Mindful Grandparenting

At our September meeting, Shirley shared some tips on how to be fully present with our grandchildren. If we can maintain a sense of “awe” when we’re with our grandchildren, we will naturally become mindful. Then we can tap into our deepest self, our grandchild’s deepest self, and the world around us.

We have three opportunities in our lives to experience awe:

  • As a beginner in the world when we’re a baby, we see everything for the first time.
  • As a parent, we recognize the awe on the face of our child and return to that original wonder.
  • As a grandparent, we see the world new again through our grandchild’s eyes.

When we pay attention to all these layers of wonder, it allows us to fully engage with intention and focus – not just with our grandchildren but also with our children and ourselves.

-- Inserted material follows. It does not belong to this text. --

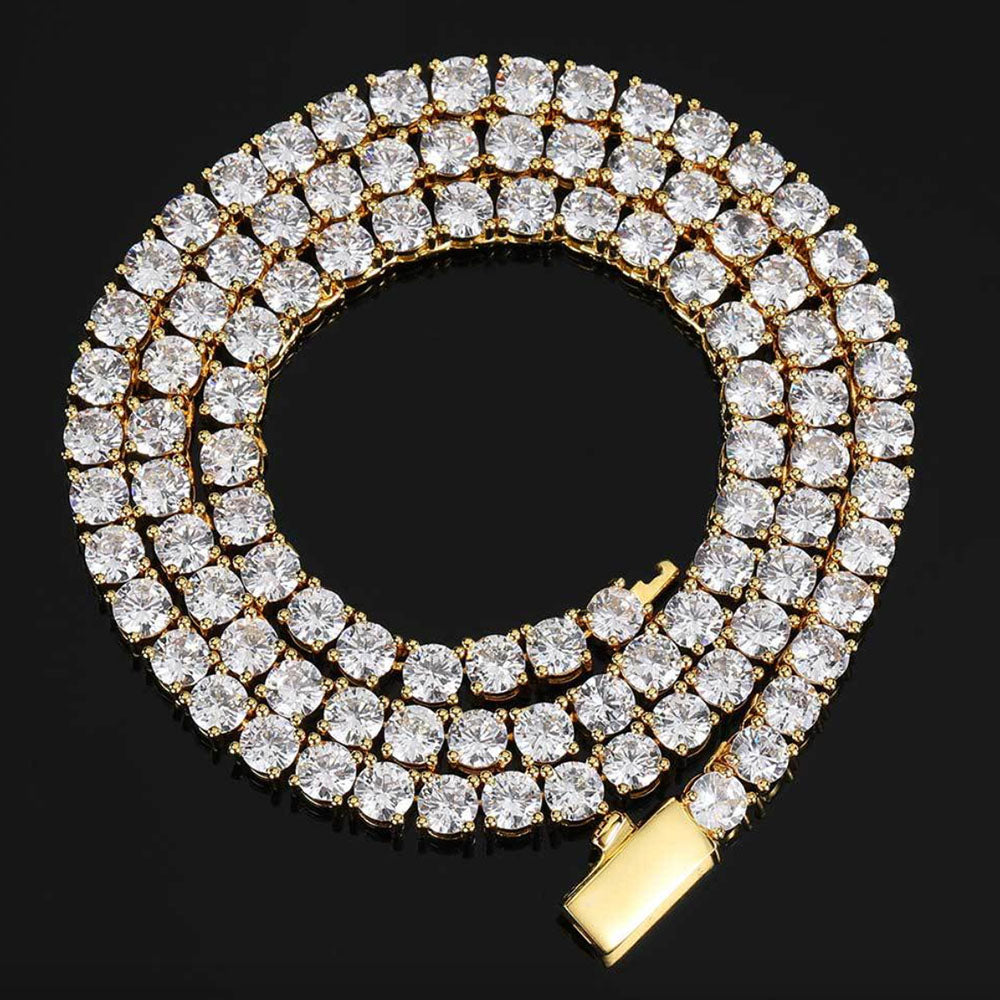 Iced Out Tennis Chain Necklace – Round Cut CZ 3mm-5mm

Shirley created an acronym just for our GaGa Sisterhood to help us remember how to keep awe in our lives: A.L.W.A.Y.S. G.A.G.A.

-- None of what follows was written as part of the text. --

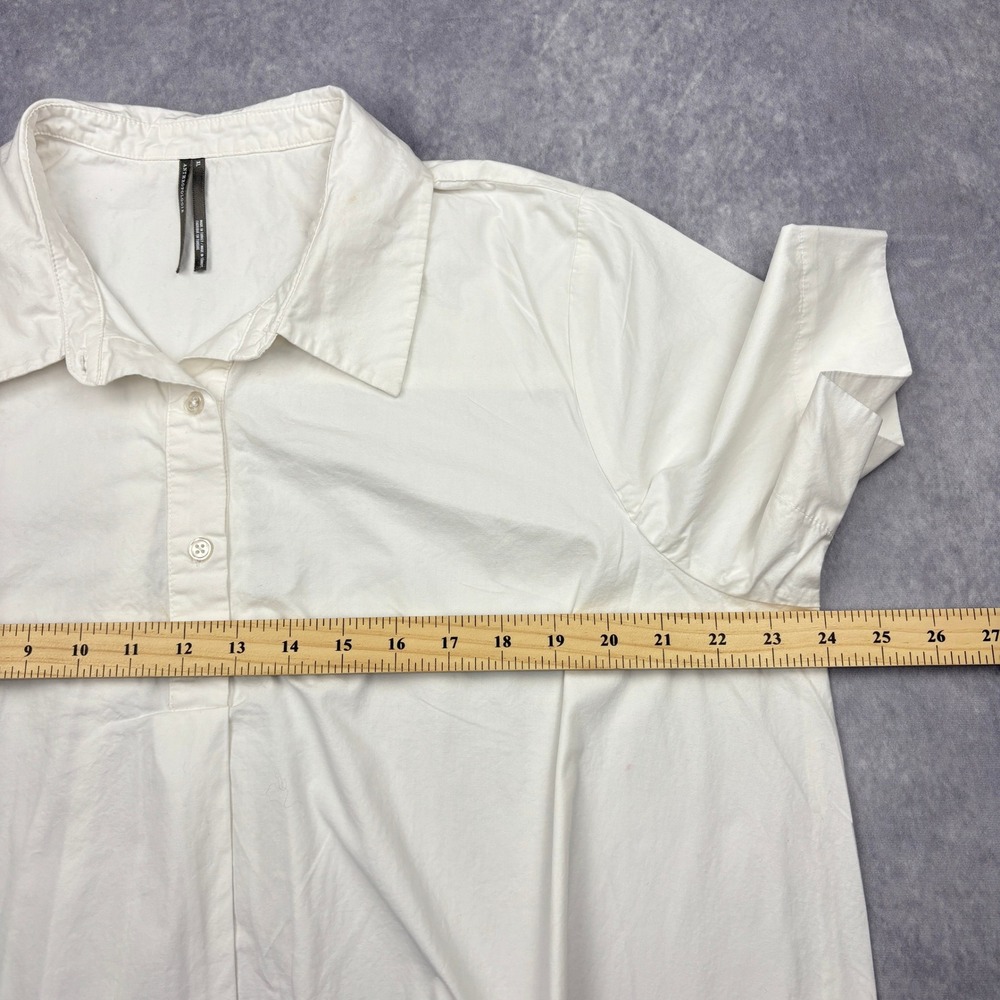 Anthropologie Shirt Womens XL White Cotton Poplin Short Sleeve Trapeze Swing Top - Picture 3 of 7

Astonish: Follow poet Mary Oliver’s “Instructions for living a life: Pay attention. Be astonished. Tell about it.”

Love: Build that deep, lasting connection between a grandparent and grandchild over the years as you share interests and passions.

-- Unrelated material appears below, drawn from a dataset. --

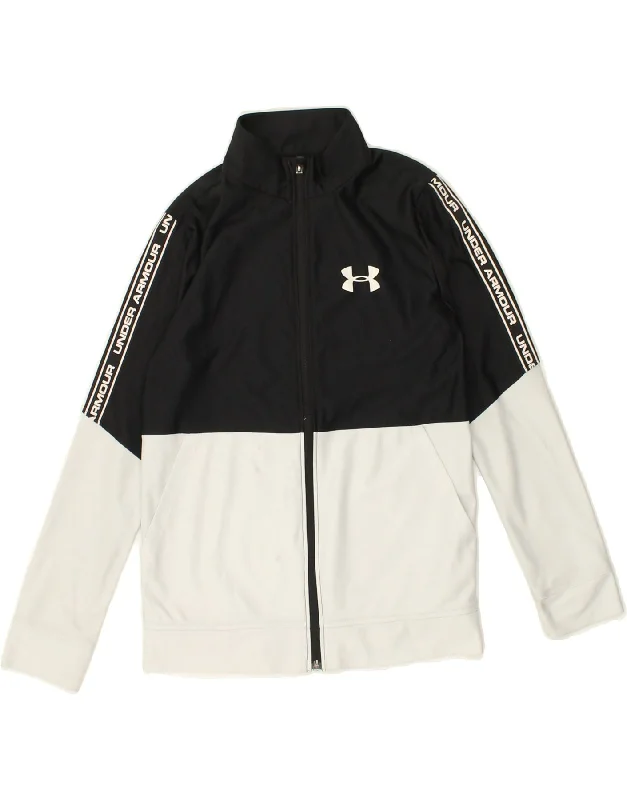 men's travel jackets -UNDER ARMOUR Boys Graphic Tracksuit Top Jacket 9-10 Years Medium Grey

Wisdom: Take the knowledge of our elders and pass it on to our grandchildren by making lists of our favorite quotes, poems, music, and teams; find ways to share these. Your passion may not transfer to your grandchildren, but your love will.

Attention: We must stop, look, and listen to develop keener senses.

Yawp: Play with language; make up words together or find funny-sounding words that make you both laugh. Keeps a list of fun words on your fridge.

Serendipity: Also Serenity, Singing, and Sacred. Singing is a wonderful way to connect. Create a family song that you sing when you get together. “Peace Like a River” is her family song.

Games: Play is the work of childhood; enjoy make-believe together.

Artist: We can capture our grandchildren’s awe by enjoying and displaying their art.

Grandparent Team: Our team may be composed of many grandparents who respect and include the “other” grandparents too.

Awe-some: This word reminds Shirley of her grandson’s reaction when he flew his first kite – “it was awesome!”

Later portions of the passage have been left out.